Later, when everyone else was sleeping, he sat up on guard duty and kept turning over the day’s revelations in his mind. He longed for a simple answer, but there were none to be had.
He had his own doubts about magic, and he wasn’t sure it would defeat Tallik anyway. But he wasn’t sure anything else would.
If only he could talk to Rieve again.
Thinking of her, he felt for the pebble in his purse, and took up a bladder of water and a shallow clay bowl. Beside the fire, he poured some water into the bowl, then dropped the pebble into it. He tried to clear other thoughts from his mind. “Show me Rieve,” he said softly. “Where is Rieve?”
The pebble sat at the bottom of the bowl. Had he used too much water? Too shallow a bowl? She hadn’t been specific about that. He had never tried to do magic, but for all he knew those sorts of things had to be very precise.
He stared at the pebble, bringing an image of Rieve to the forefront of his mind—not hard to do, since he had thought of almost nothing else all day. As he did, the pebble skittered across the bottom of the bowl. Aric peered through the water and saw that the pebble’s surface had grown cloudy.
He plucked it from the water and held it close to his eye. At first he could see nothing, but as he turned it in his fingers, he moved it so the fire’s light shone through from behind it. Then, as surely as if Rieve herself was inside it, he saw her. He almost dropped it, but managed to hang on.
Bringing it close to his eye again, with the fire behind it, he saw Rieve once more.
He didn’t like what he saw.
Her hair was bedraggled. There was a large red mark on her face. Worse, blood trickled from her nose and mouth. Still worse, when he shifted the pebble’s position, the angle changed and he could see a rope tied around her neck. Firelight danced on her face, but Aric couldn’t tell if it was real, or caused by the fire glowing through the stone.
Rieve was in danger.
And in an instant, Aric’s priorities had changed. He put the pebble back into the water, and again it moved at once to the far side of the bowl. To the northwest, the direction they had just come from.
That had to be its way of showing in which direction to look for Rieve.
They could do nothing until morning. Even if he woke the others, convinced them, traveling at night was too dangerous.
But when the sun rose, he would have some persuading to do.
Rieve had passed on Aric’s warning about the raiders to the rest of her family and their guards.
In the end, it hadn’t helped.
The first thing that happened was that Corlan caught up to them. They saw someone behind them, riding hard. Three of the guards dropped back, ready to deal with whatever threat pursued them. Fortunately, Rieve recognized him before anybody skewered him. His apology was so abject and heartfelt she had no choice but to forgive him. Once he was allowed to join the family, he apologized to Pietrus, and to the rest of them. Pietrus still wasn’t sure what the purpose of the whole voyage was; to him it was just an adventure, and the others were content to let him think that.

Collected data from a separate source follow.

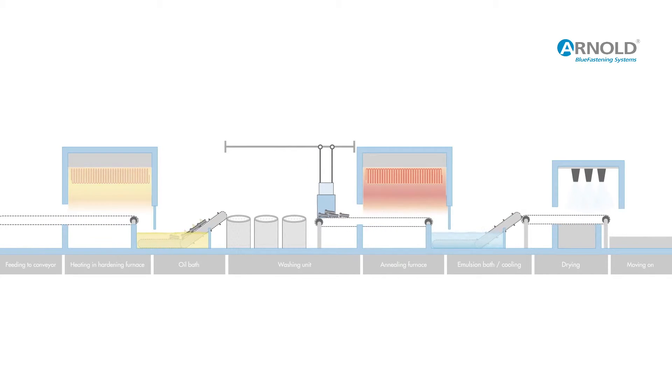Now the clean and dry parts move on to the tempering furnace, where they obtain the required hardness, toughness, and strength characteristics. Tempering temperatures are generally between 340 degrees and 620 degrees Celsius.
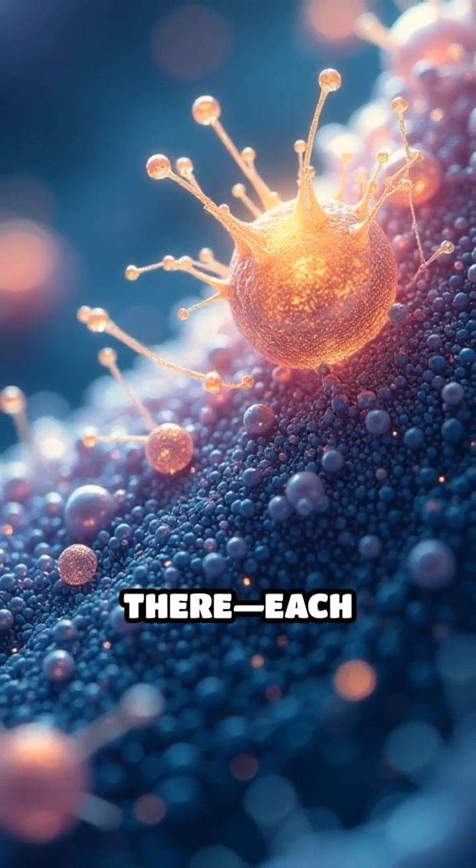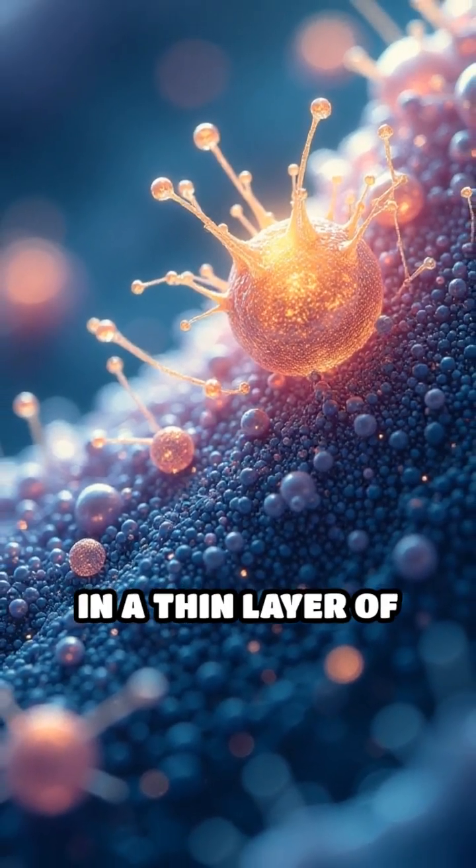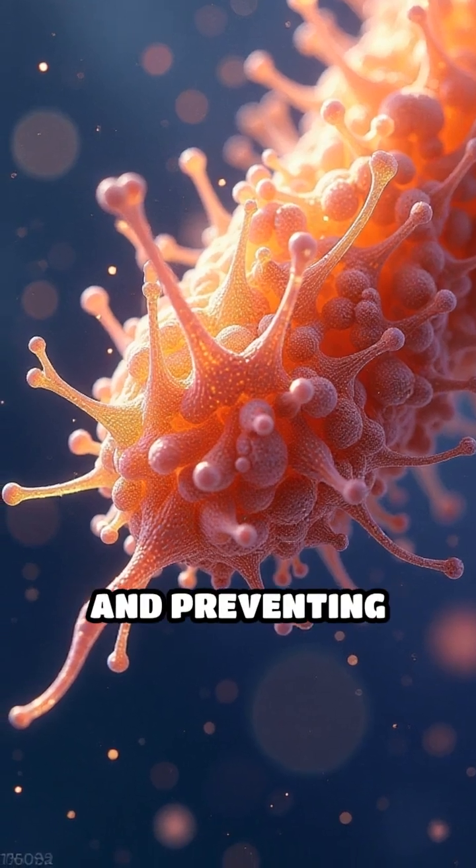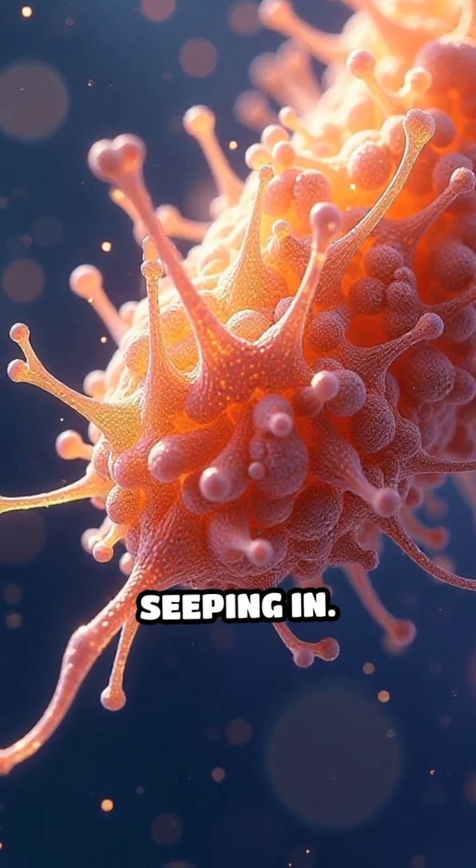But the secret doesn't stop there. Each filament is coated in a thin layer of natural oils, amplifying water resistance and preventing moisture from seeping in.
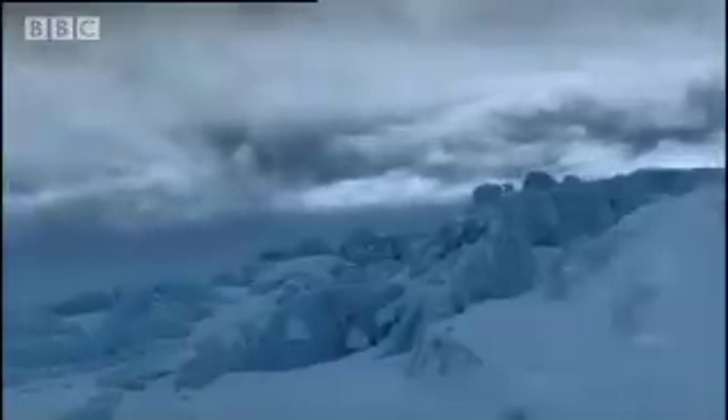Colossal ice sheets, up to 2,000 metres thick, spread across the continent, covering Siberia, Scandinavia and Scotland.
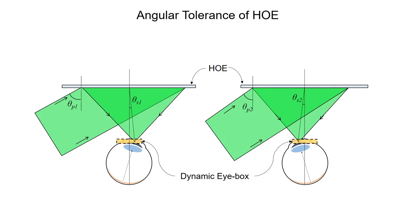To implement the dynamic eye box, we utilize the angular tolerance of the holographic optical element. When the incident angle on the holographic optical element is changed, it generates a shifted focus point with a certain tolerance. The incidence angle is controlled by a fast steering mirror.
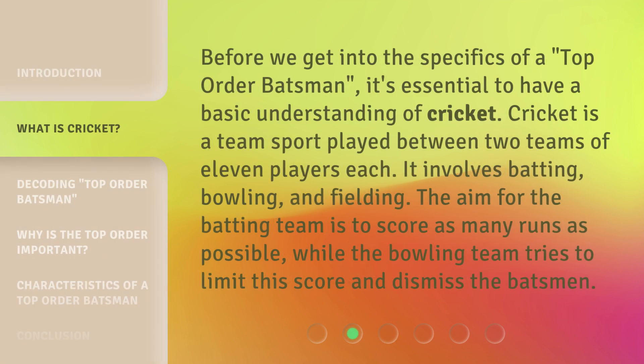Before we get into the specifics of a top-order batsman, it's essential to have a basic understanding of cricket. Cricket is a team sport played between two teams of 11 players each. It involves batting, bowling, and fielding. The aim for the batting team is to score as many runs as possible, while the bowling team tries to limit this score and dismiss the batsman.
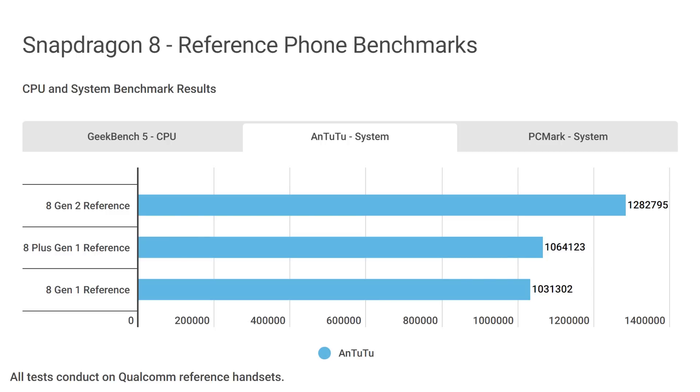Here we've got Antutu — it's now 1.28 million compared to just over the million mark with the 8 Gen 1, which gives an uplift of 24%. So again, very impressive.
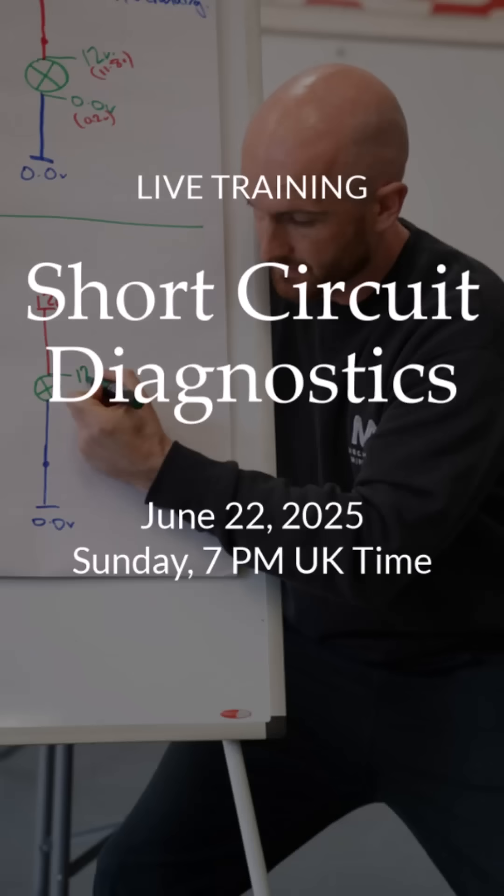Well, in the next Mechanic Mindset live session on Sunday the 22nd of June, 7pm UK time, we're going to diagnose this one together and it's going to be quite interesting. Don't worry if you can't make it because we'll put the recording up straight after.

Once the reunion was accomplished, they continued on toward whatever Grandfather’s destination was. Perhaps the distraction of Corlan’s appearance caused the soldiers to let down their guard. Or perhaps they never had a chance.
They rode through an area thick with dark, jagged boulders, piled one on the other as if from some cataclysmic event. From the cover of those rocks, arrows flew, each one finding its target. Four of the six soldiers fell at once. The other two filled their hands with steel, but when a force of raiders rode out from a hidden canyon, the battle was brief and bloody. Corlan tried to fight, and the raiders mistook him for a member of the family and refused to engage him. They simply rode circles around him, isolating him from the rest of the family, then held steel to Mother’s throat and forced him to disarm.